Work required ::
Your task is to transcribe the data exactly while omitting each picture.

--- Given information Enclosed Below ---

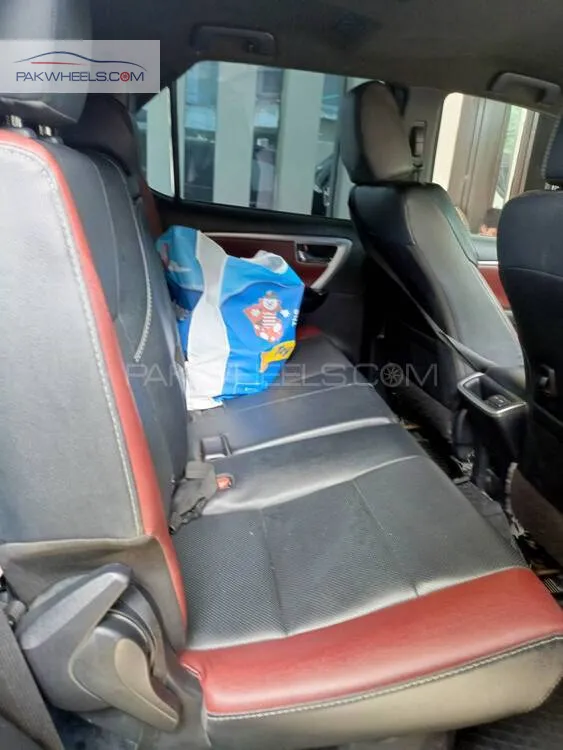 Toyota Fortuner 2022 for Sale in Lahore Toyota Fortuner 2022 for Sale in Lahore Image-11
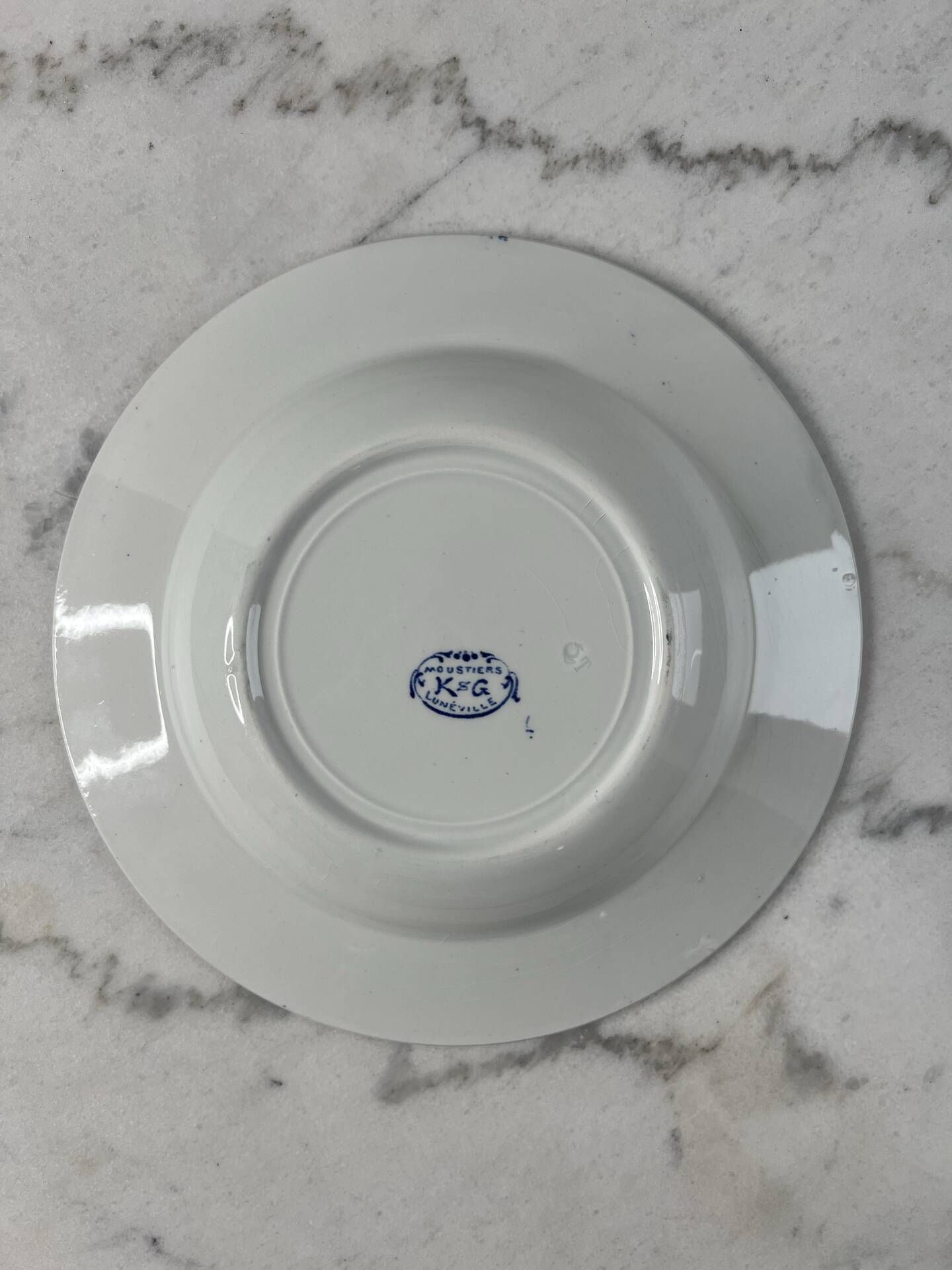 Iron earth hollow plate Lunéville KG Collection Moustiers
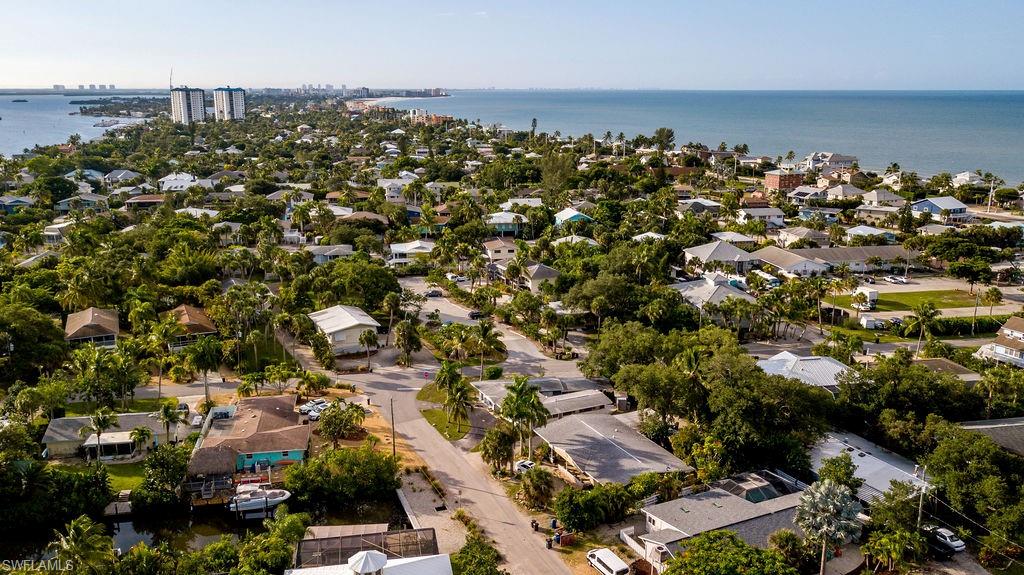 LYNNS HIGHLAND PARK - Residential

--- End of Enclosed Given information ---

Reply ::
 Toyota Fortuner 2022 for Sale in Lahore Toyota Fortuner 2022 for Sale in Lahore Image-11
 Iron earth hollow plate Lunéville KG Collection Moustiers
 LYNNS HIGHLAND PARK - Residential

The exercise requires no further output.